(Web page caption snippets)
____

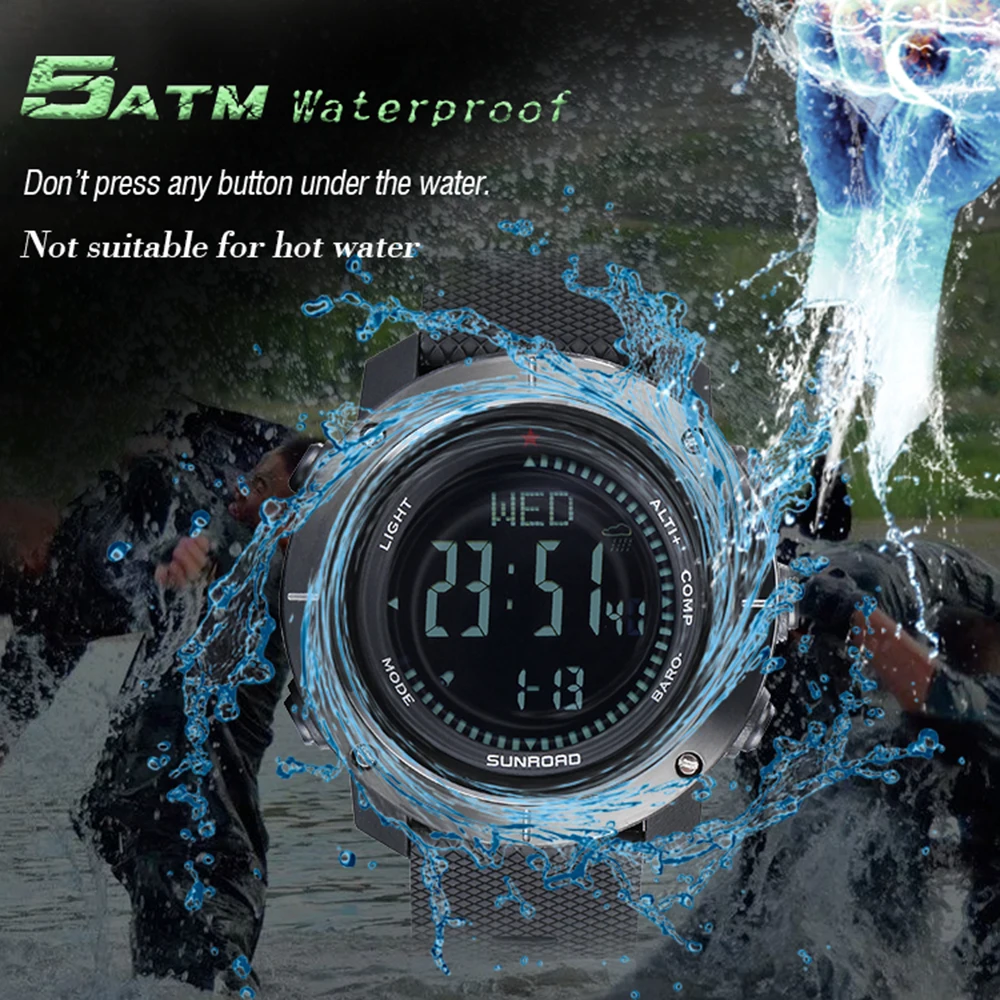 Универсальный Открытый Smart Digital спортивные наручные часы компасный альтиметр барометр Военная Униформа часы 5ATM воды фитнес оборудования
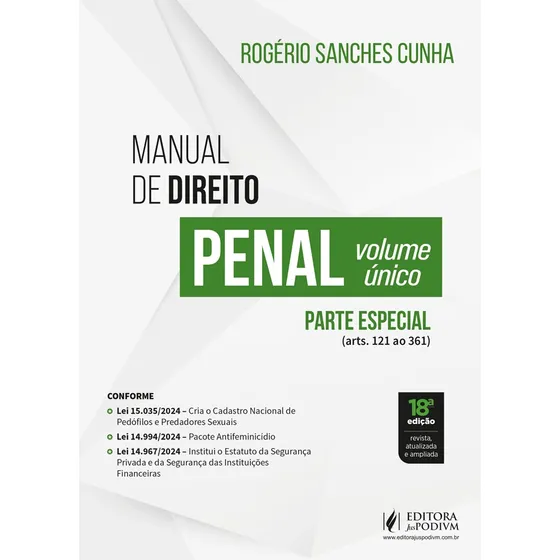 Manual De Direito Penal Parte Especial Volume Único - 18 Edição 2025 Juspodivm
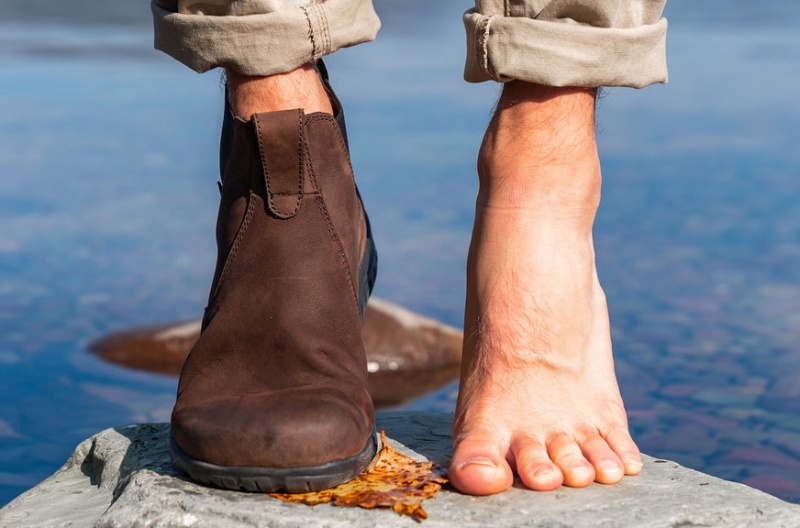 Brown Lems Chelsea Boot Waterproof Men Barefoot - OXH-71050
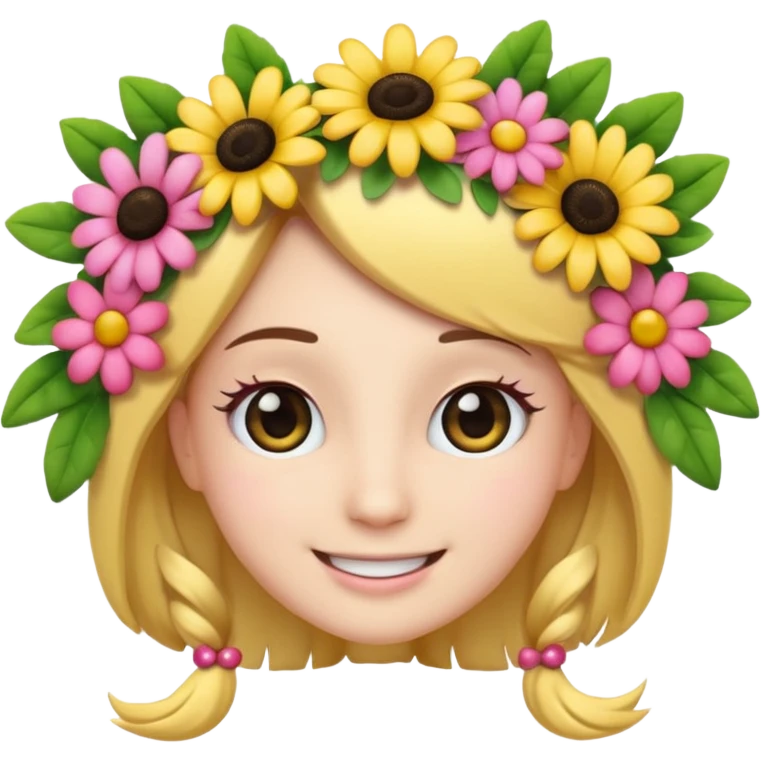 3D emoji, long eyelashes, flower wreath, smiling emoji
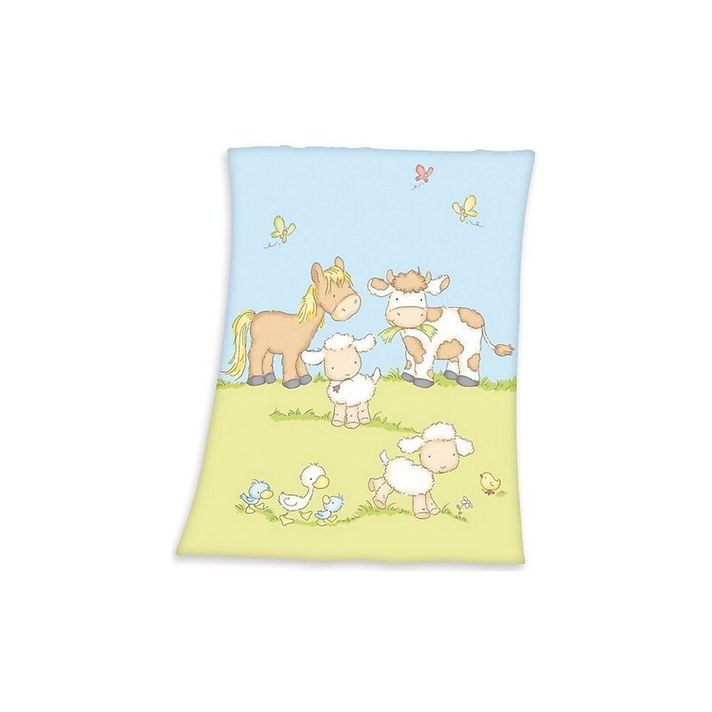 HERDING - Baby supersoft pătură fleece 75/110cm FERMĂ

____

Could you transcribe exactly the lines from the line containing "3D emoji, long" through the final line of the records, both included, and nothing beyond them? The pictures should be left out.

 3D emoji, long eyelashes, flower wreath, smiling emoji
 HERDING - Baby supersoft pătură fleece 75/110cm FERMĂ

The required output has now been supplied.